Tuesday, February 12, 2013

Art I'm Looking at: The Collages of Yuko Kimura

At this year's San Francisco Fine Print Fair (January 18-20, 2013) I came across the work of a young Japanese woman, Yuko Kimura, that impressed me greatly. It would be fair to say that, for me, seeing her work was the highlight of the show.

Ms. Kimura, born in Oakland but raised in Tokyo, now lives and works in Cleveland. She was at the venue, having come with the Verne Gallery, a Cleveland gallery specializing in Japanese prints and paintings that represents her.

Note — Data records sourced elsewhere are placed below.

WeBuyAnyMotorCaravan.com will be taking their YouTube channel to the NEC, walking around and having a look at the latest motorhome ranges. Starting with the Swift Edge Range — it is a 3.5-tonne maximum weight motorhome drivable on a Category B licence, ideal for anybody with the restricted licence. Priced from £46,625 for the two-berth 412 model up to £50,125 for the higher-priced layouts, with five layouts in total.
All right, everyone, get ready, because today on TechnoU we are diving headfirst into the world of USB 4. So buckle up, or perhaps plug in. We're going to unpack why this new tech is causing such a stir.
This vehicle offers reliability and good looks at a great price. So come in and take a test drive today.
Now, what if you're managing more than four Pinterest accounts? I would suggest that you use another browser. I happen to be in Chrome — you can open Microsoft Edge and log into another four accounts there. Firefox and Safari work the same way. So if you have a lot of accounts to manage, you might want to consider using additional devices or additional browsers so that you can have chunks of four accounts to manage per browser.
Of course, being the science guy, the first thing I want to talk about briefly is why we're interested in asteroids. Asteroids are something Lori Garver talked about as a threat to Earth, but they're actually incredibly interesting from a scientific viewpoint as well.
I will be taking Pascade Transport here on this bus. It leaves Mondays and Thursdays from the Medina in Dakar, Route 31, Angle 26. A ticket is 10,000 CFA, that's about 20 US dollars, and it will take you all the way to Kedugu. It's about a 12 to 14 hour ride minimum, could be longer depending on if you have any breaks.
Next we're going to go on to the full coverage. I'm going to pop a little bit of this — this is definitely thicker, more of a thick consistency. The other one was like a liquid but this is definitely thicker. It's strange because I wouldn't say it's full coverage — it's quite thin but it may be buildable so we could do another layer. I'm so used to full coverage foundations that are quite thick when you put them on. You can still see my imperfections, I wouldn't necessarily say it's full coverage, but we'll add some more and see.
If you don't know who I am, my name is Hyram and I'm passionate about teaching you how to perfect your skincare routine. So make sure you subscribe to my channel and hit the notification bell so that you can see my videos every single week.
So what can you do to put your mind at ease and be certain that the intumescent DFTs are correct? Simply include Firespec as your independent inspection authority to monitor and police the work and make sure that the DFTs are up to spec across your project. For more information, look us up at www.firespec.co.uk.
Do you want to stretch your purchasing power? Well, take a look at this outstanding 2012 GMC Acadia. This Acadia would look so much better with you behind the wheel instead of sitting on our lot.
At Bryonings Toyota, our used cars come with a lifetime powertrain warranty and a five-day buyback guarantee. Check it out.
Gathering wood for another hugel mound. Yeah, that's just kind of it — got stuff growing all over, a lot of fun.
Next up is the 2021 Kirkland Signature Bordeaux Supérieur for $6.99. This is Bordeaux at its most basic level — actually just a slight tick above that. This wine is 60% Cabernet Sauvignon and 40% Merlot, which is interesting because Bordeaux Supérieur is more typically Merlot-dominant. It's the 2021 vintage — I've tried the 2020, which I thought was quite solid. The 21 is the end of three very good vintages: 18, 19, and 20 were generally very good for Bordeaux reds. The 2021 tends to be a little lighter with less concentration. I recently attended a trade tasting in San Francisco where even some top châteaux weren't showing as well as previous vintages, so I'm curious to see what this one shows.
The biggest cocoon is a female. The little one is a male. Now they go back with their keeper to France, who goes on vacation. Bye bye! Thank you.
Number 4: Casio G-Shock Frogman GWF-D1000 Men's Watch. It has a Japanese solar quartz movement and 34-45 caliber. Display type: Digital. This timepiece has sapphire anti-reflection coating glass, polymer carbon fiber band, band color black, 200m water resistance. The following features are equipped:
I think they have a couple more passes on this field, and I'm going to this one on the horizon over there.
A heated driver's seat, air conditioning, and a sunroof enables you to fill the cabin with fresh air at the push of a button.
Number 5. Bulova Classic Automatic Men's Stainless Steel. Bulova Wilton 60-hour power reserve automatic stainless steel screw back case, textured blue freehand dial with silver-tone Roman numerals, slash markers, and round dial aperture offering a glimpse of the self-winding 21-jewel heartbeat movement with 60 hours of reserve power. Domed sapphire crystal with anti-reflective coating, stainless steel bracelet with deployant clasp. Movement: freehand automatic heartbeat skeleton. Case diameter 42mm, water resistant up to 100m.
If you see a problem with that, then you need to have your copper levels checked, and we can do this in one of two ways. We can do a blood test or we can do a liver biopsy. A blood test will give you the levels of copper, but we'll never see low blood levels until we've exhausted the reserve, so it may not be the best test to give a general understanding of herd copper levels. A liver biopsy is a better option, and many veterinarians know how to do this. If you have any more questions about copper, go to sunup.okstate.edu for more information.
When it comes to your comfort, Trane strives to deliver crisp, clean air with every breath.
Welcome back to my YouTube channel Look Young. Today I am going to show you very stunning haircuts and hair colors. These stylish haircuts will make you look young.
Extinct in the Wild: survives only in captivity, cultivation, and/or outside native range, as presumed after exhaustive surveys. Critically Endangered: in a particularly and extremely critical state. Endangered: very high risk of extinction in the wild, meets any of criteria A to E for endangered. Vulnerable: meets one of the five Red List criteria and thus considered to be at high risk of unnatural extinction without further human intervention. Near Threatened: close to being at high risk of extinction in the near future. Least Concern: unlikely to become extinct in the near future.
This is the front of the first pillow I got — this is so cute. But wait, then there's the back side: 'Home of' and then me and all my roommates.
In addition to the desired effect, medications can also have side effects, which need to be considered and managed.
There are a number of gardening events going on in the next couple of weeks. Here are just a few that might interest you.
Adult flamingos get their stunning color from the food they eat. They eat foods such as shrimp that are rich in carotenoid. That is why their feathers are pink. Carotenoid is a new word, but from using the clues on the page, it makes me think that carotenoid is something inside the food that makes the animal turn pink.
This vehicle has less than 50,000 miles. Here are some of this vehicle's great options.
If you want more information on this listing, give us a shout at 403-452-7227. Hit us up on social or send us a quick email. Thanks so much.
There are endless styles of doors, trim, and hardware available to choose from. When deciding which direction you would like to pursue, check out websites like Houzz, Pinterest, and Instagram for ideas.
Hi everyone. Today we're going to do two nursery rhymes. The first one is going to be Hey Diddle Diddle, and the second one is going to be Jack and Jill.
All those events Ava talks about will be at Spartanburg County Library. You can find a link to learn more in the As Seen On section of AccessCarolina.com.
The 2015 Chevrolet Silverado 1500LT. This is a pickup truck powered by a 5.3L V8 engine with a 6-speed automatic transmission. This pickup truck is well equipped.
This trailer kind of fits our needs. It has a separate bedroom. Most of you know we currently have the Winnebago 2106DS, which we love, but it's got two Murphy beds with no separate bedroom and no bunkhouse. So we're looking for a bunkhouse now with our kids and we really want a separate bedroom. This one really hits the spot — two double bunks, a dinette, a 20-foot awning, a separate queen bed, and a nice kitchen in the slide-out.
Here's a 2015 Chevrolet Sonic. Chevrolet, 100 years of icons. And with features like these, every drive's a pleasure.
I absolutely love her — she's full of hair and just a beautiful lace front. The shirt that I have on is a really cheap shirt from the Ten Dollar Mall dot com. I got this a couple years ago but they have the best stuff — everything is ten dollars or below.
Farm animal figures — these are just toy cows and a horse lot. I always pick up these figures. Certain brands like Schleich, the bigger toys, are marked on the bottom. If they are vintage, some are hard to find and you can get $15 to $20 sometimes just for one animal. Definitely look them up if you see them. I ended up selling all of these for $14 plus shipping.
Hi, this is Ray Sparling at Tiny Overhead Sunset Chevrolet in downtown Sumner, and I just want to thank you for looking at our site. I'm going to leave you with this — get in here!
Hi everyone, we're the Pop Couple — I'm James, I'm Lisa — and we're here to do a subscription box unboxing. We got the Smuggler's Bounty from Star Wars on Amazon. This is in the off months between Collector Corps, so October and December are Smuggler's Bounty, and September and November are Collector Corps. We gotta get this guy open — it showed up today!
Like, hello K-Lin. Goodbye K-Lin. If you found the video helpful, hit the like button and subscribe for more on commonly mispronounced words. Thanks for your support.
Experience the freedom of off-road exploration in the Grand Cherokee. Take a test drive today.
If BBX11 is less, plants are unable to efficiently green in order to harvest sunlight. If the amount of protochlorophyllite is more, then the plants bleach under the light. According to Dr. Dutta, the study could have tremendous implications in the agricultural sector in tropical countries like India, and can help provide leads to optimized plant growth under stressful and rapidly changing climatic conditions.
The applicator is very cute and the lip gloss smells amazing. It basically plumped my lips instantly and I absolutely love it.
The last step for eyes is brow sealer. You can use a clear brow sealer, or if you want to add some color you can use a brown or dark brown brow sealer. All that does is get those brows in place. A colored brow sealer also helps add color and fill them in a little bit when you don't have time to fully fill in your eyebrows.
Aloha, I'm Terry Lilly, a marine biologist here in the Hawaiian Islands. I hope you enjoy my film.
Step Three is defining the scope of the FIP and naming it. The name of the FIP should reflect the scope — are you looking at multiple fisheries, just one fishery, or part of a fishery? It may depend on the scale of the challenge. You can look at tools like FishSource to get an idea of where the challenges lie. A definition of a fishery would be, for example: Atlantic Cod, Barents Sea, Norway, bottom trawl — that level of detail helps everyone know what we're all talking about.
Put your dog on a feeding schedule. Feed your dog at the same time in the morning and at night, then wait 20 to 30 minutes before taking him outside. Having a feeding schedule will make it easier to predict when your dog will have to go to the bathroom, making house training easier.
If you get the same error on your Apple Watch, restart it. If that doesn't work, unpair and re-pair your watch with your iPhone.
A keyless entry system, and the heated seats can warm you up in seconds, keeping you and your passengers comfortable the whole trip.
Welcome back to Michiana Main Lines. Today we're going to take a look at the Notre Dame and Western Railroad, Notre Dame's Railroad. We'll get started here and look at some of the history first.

She showed recent and older work from a number of different series. Despite this being a print fair, all of her work is collage, although she often overprints collage elements with ink, using various techniques, including etching, aquatint, and lithography. I was particularly taken by her "Journey through Mushikui" series. Mushikui means "worm hole" in Japanese. These small works are collages using sheets from old Japanese books riddled with worm holes. Pictured above is Journey through Mushikui Red No. 3, with the book pages overprinted in a rusty orange-red. I liked these collages for their juxtaposition of simple, straight-edged, geometrical forms (mostly the areas of printed color or negative space created by the printed areas) with the decidedly sinuous, contrastingly non-geometric text and line illustrations on the book pages, joined by the organic, random meanderings of the worm holes. A lot of the other work she showed is done using scraps of indigo-dyed cloth or paper or with areas printed in the color of indigo, evocative of worn, patched traditional Japanese rural garb. Ms. Kimura has a wonderful sense of composition and of color. I look forward to seeing what she comes up with next.